Sir – It’s grand that Tim Hobden has not killed his composting worms this winter — though whether it was clear from his last Back to Earth article (Weekend, March 28) quite what he was describing I don’t know.

I do like his take on being ‘behind’ with allotmenting and being bemused by those who aren’t — join the club, Tim!


The problem with his article this time is his cavalier approach to burning garden waste — ‘twigs and dried weeds’. Now, I love bonfires and grieve that I can’t justify them. At all.
Dried weeds can be composted, or hidden between cardboard layers over a bed waiting for crops to finish rotting down.

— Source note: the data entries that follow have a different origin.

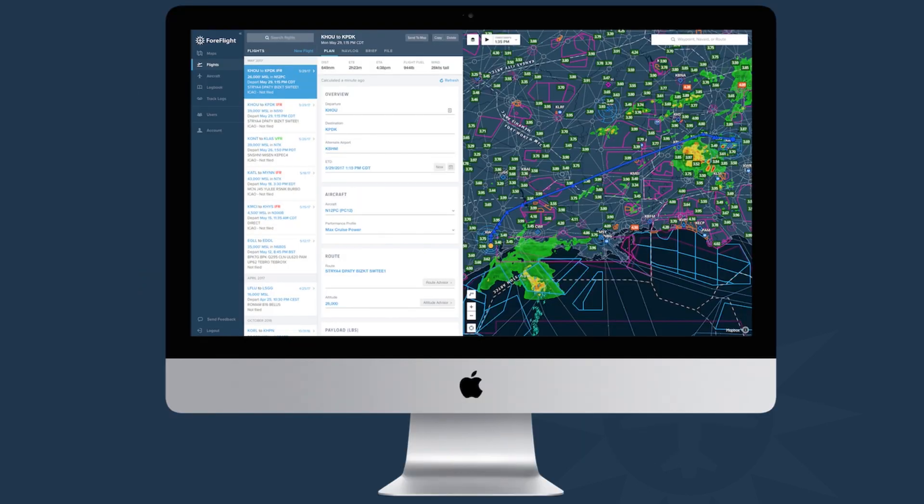Many of the features we reviewed are also available on ForeFlight.com. You can log in, plan flights, get weather briefings, generate Navlogs, and file flight plans — all through your home web browser. Everything you plan on ForeFlight.com syncs to your iPad and iPhone automatically.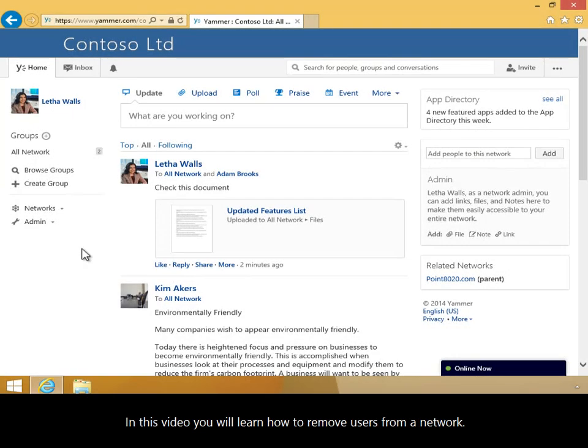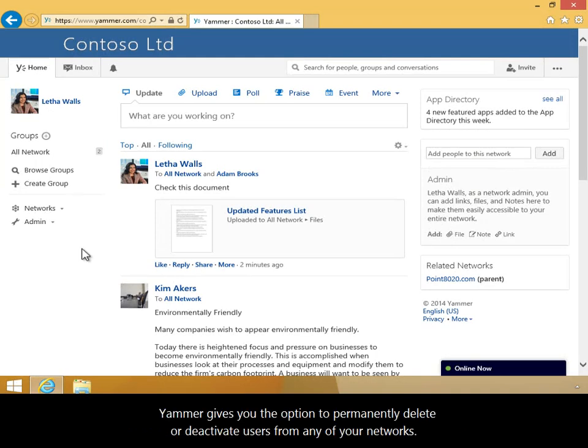In this video, you will learn how to remove users from a network. Yammer gives you the option to permanently delete or deactivate users from any of your networks.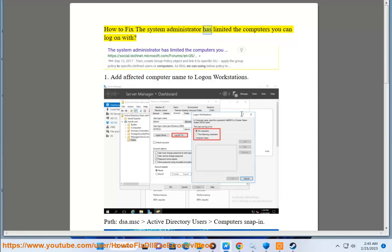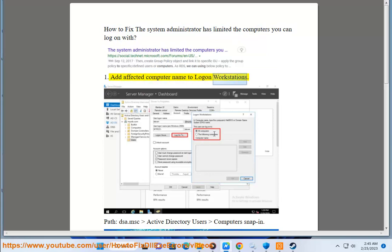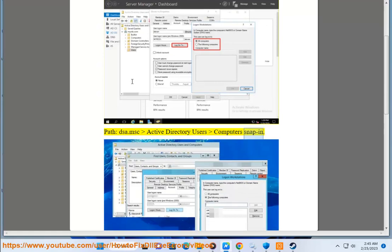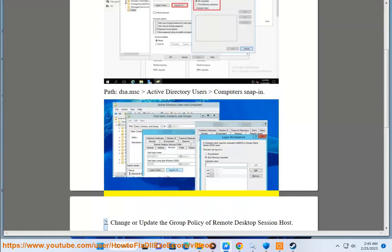How to fix the 'System administrator has limited the computers you can log on with' error. Solution 1: Add the affected computer name to the logon workstations path using dsa.msc, the Active Directory Users and Computers snap-in.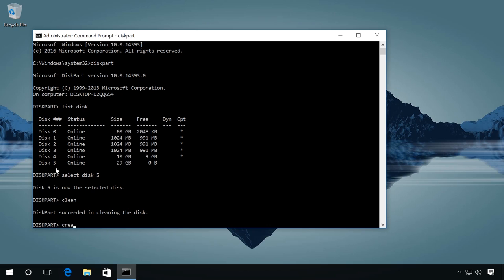Then enter create partition primary, that is, you are creating a partition. And then specify its size in megabytes, for example, 2000 megabytes, using the command size equals 2000.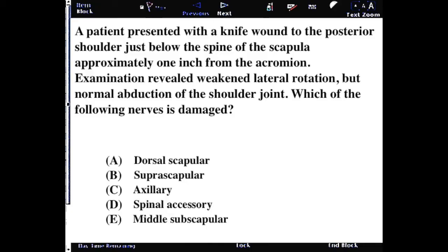If you have a patient that presents with a knife wound to the posterior shoulder, just below the spine of the scapula, approximately one inch from the acromion, examination revealed weakened lateral rotation but normal abduction of the shoulder joint. Which nerve has been damaged?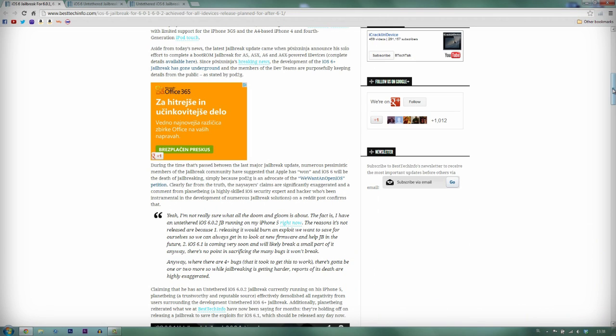I'm not really sure what all the doom and gloom is about. The fact is, I have an untethered iOS 6.0.2 jailbreak running on my iPhone right now. The reason it's not released is because, one, releasing it would burn an exploit we want to save for ourselves, so we can always get a look at the new firmware and help jailbreak in the future.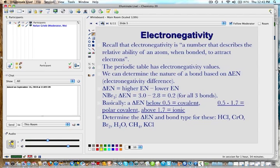Electronegativity is a number that describes the relative ability of an atom, when bonded, to attract electrons. If you look on the periodic table you'll see electronegativity numbers. On the periodic table I'm using, electronegativity appears right underneath the atomic number. For fluorine, for example, the electronegativity is 4.0, which is the largest electronegativity on the periodic table.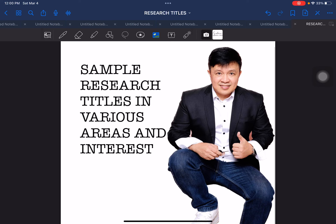Hello everyone and welcome back. This time will be simple and straightforward. What we will be doing is I will be sharing with you sample research titles in various areas and interests that will hopefully guide you and you can use in order to create your research title based from the samples that will be given to you right now.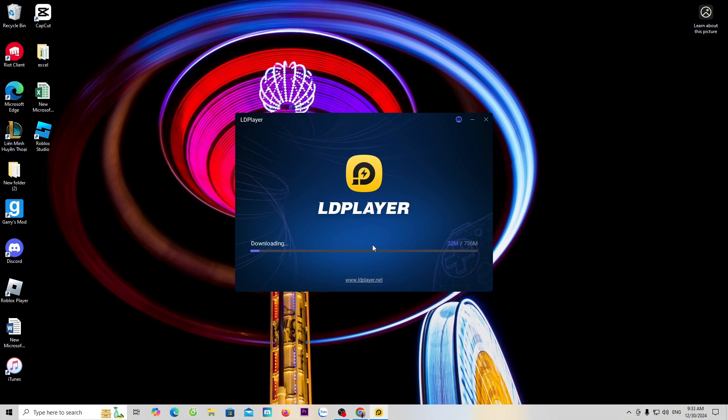Now we will wait for the LD emulator to download and install on the computer. After the installation is complete, I will continue to guide you how to download the game FC Mobile.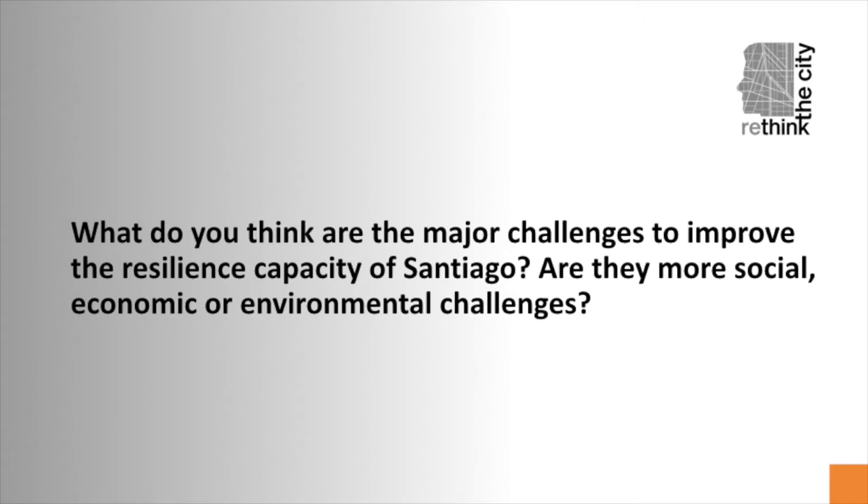What do you think are the major challenges to improve the resilience capacity of Santiago? Are they more social, economic or environmental challenges? Santiago is an interesting case of study because it is affected by multiple hazards both social and environmental. Starting by the former, Santiago is currently leaving the consequences of political decisions made 30 years ago and perpetuated during democracy in the manner in which cities are being built.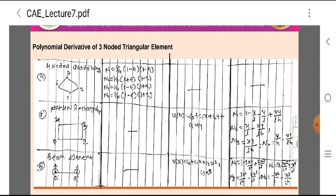The beam element is shown in the figure as a line element with two degrees of freedom per node. The polynomial function for the beam element is U(x) = C0 + C1·x + C2·x² + C3·x³. The shape functions in local coordinates are N1 = 1 − 3x²/L² + 2x³/L³, N2 = x − 2x²/L + x³/L², N3 = 3x²/L² − 2x³/L³, and N4 = −x²/L + x³/L².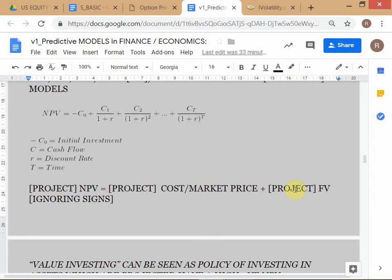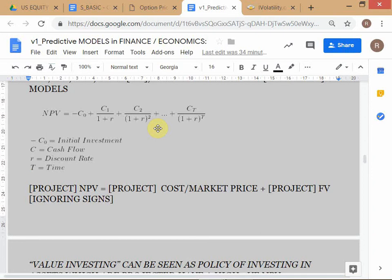In order to determine one of the inputs to the NPV model, you have to separately run a model for the fair value of the project. That is a preceding step where you compute the fair value. In that model, the endogenous variable is the fair value of the project. So the output of that fair value model later becomes an input in the NPV model.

Twigs can be left in a neglected corner — don’t say you don’t have any — as habitat for beetles and ladybirds, or chucked on to paths to be trodden down into a nice surface such as people pay for. That way you keep all the goodness from your soil that is now in that ‘waste’ on the land that it came from.
Or the whole lot, especially if it contains really dodgy weeds like oxalis or celandine and the rest, can go into the green waste recycling stream — either by being taken to the tip or by being put into a brown bin (in Oxford).
If you don’t have one, neighbours will often loan out some space in theirs.
You can bung up holes in your allotment fence with it all, to stop deer and small boys getting through — loads of uses.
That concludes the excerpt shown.